━━ GIVEN ENTRIES

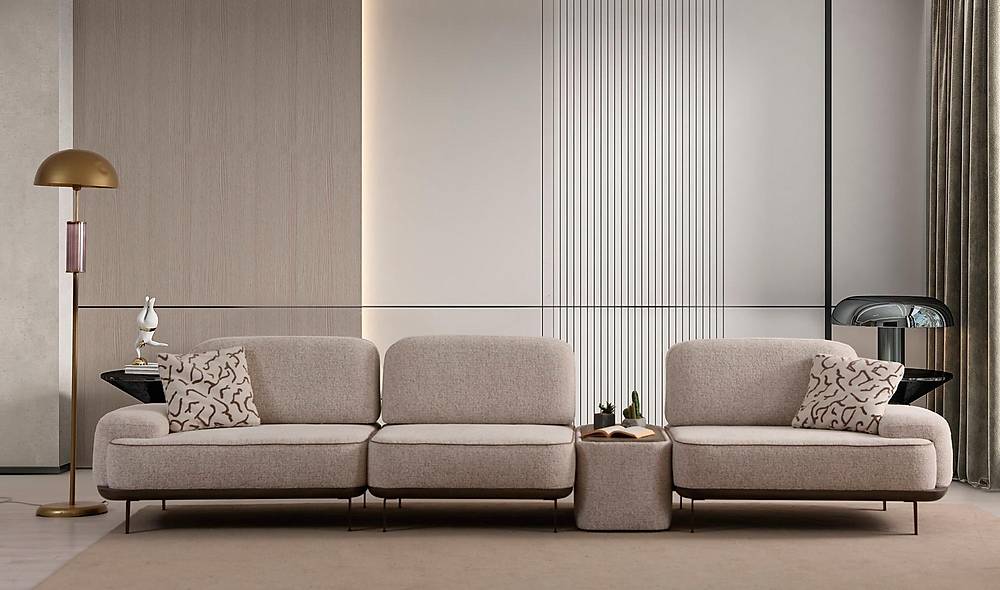 Pandora 4-zits luxe bank - Premium kwaliteit & comfort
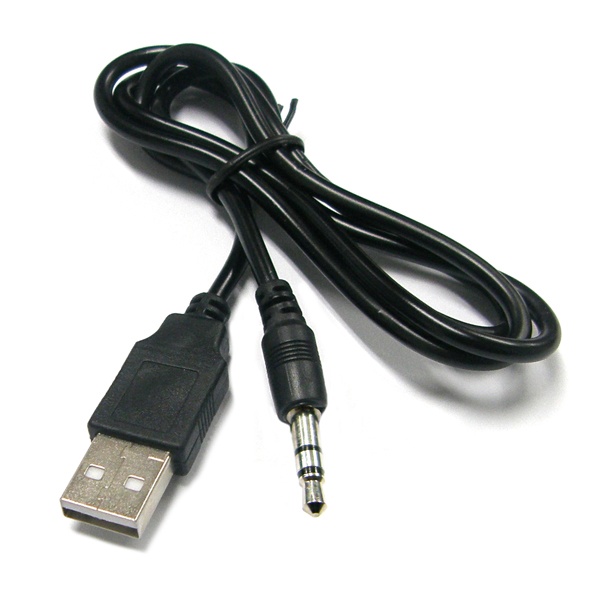 AQ0526 / USB AM - 3.5 데이터 케이블 80CM/1EA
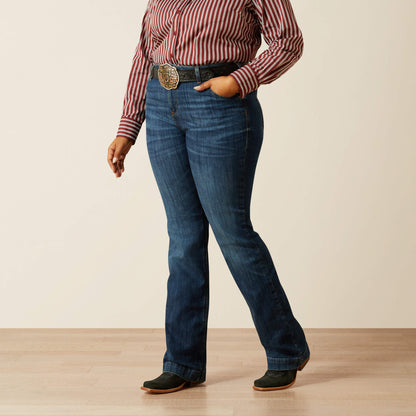 Perfect Rise Bessie Slim Trouser Jeans - Ariat Best Seller
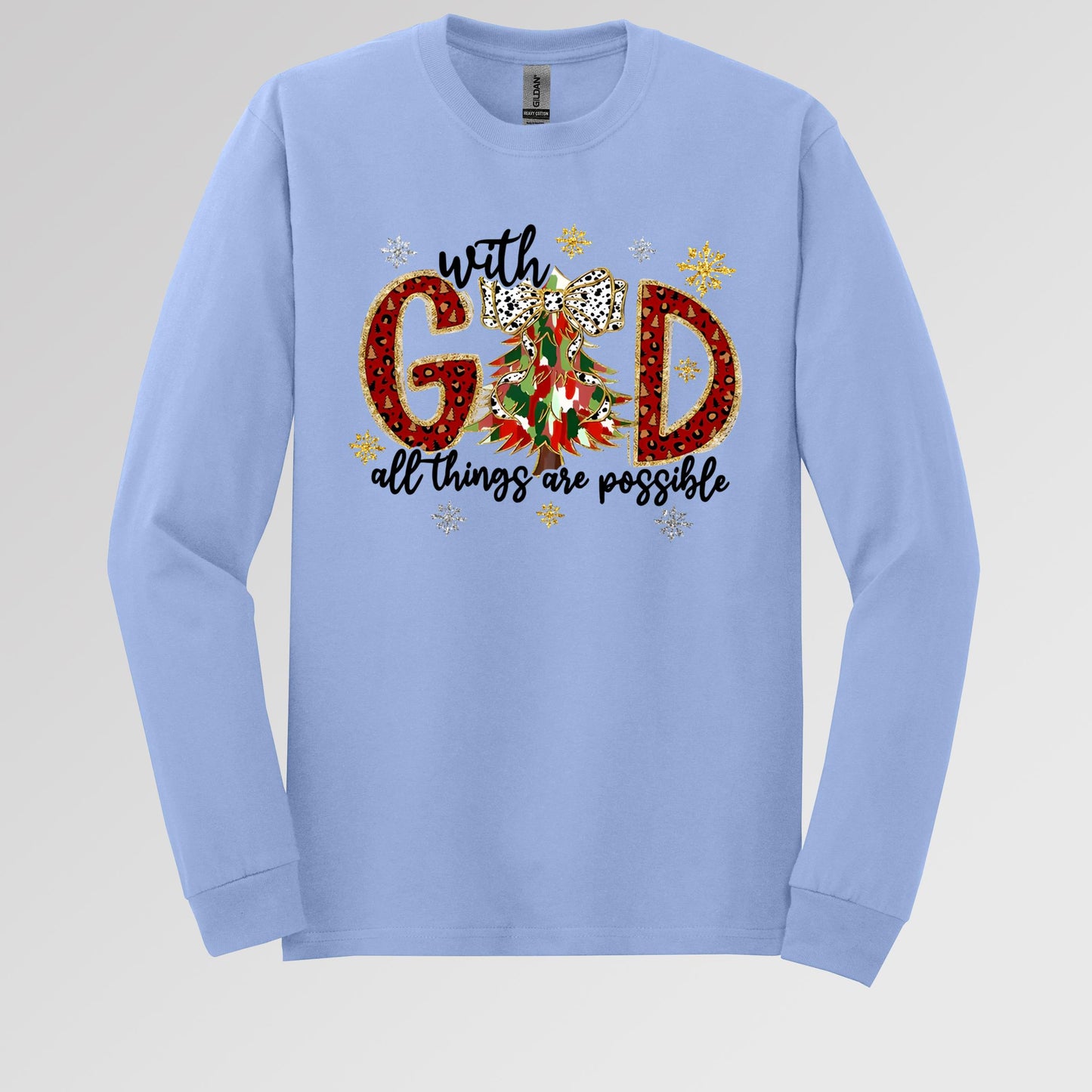 With God All Things Possible Nativity 01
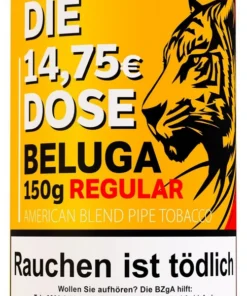 Beluga Pfeifentabak Regular Pipe Tobacco (Dose á 150 gr.)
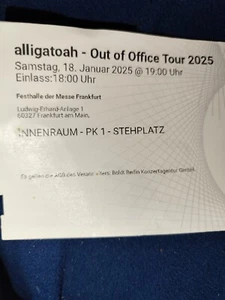 Alligatoah Frankfurt am Main - Bild 1 von 1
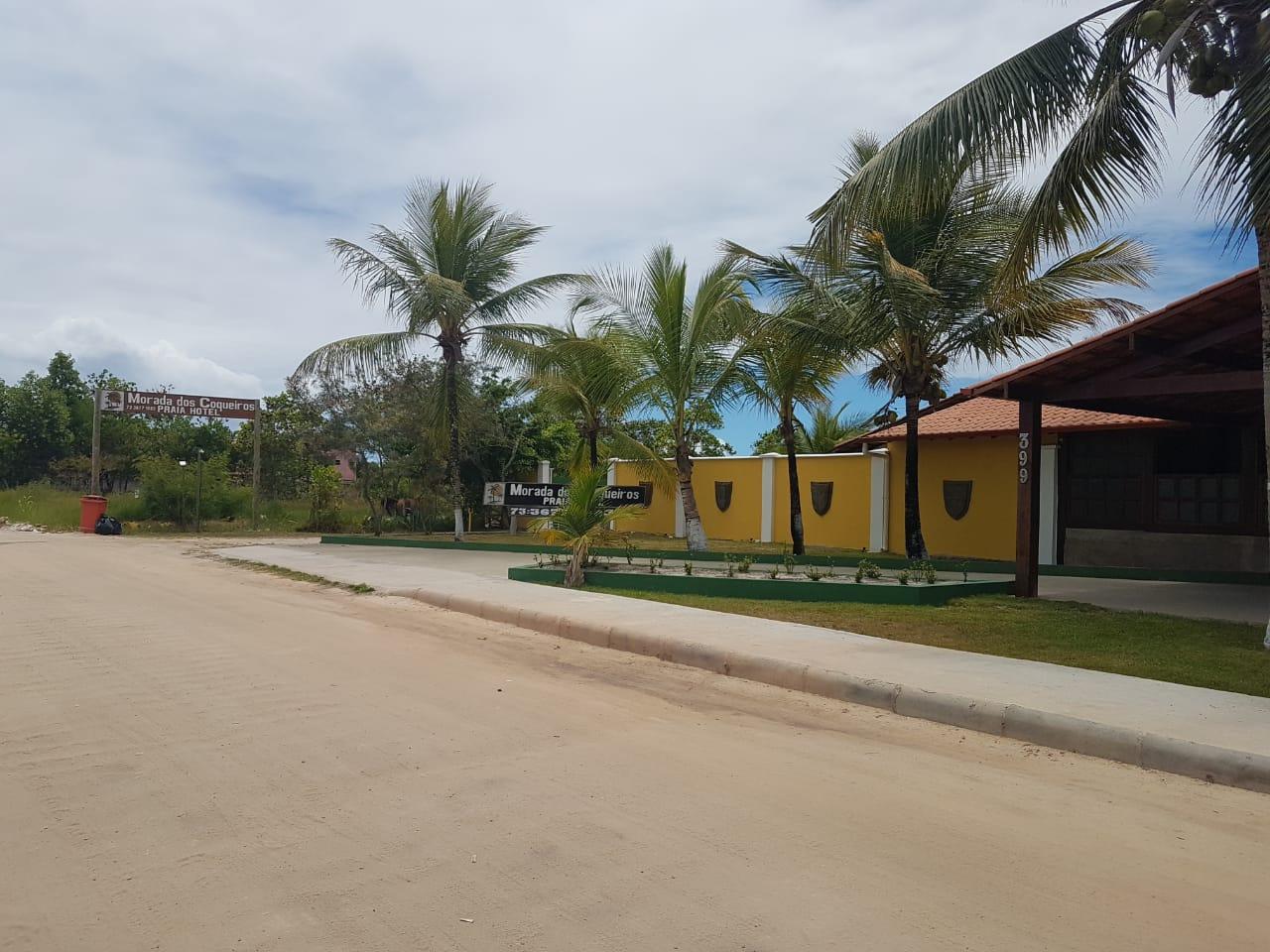 Pousada Morada Dos Coqueiros Porto Seguro Exterior foto
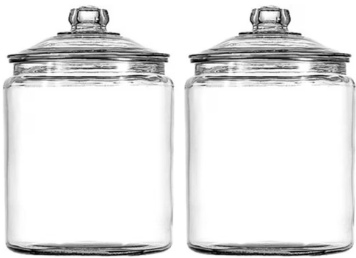 Glass Canister Jars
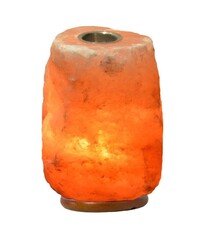 Солевая аромалампа 3-4 кг розово-оранжевая Himalayan Salt Lamp Aroma
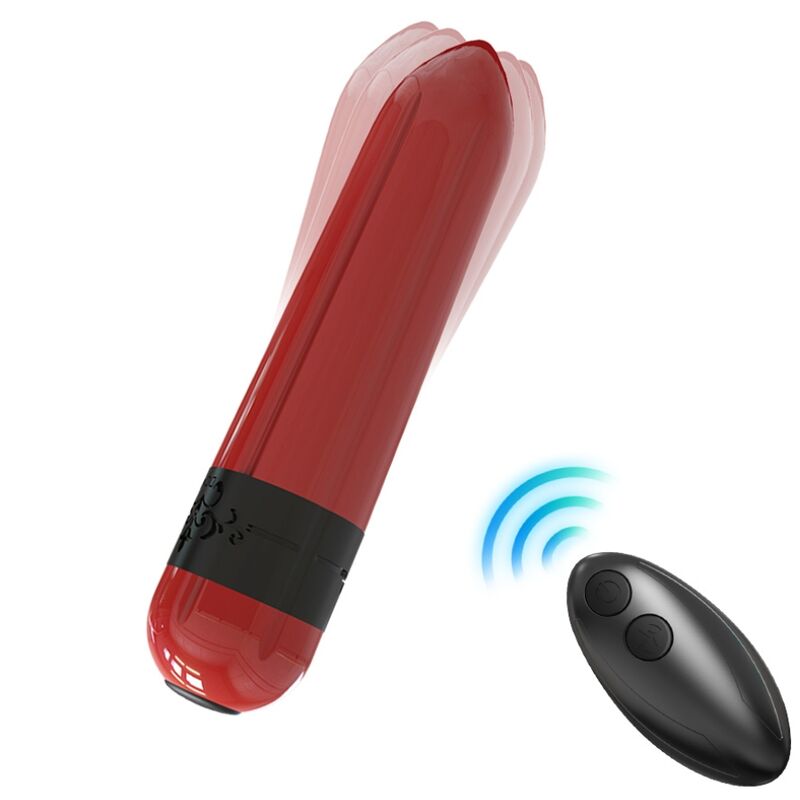 ARMONY - VIBRATORE A PROIETTILE ROCKET CON TELECOMANDO FUCSIA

━━━━

* _INSTRUCTIONS TO FOLLOW_:
Please retype the records above exactly, excluding every picture.

* _RESULT FOR THIS TASK_:
 Pandora 4-zits luxe bank - Premium kwaliteit & comfort
 AQ0526 / USB AM - 3.5 데이터 케이블 80CM/1EA
 Perfect Rise Bessie Slim Trouser Jeans - Ariat Best Seller
 With God All Things Possible Nativity 01
 Beluga Pfeifentabak Regular Pipe Tobacco (Dose á 150 gr.)
 Alligatoah Frankfurt am Main - Bild 1 von 1
 Pousada Morada Dos Coqueiros Porto Seguro Exterior foto
 Glass Canister Jars
 Солевая аромалампа 3-4 кг розово-оранжевая Himalayan Salt Lamp Aroma
 ARMONY - VIBRATORE A PROIETTILE ROCKET CON TELECOMANDO FUCSIA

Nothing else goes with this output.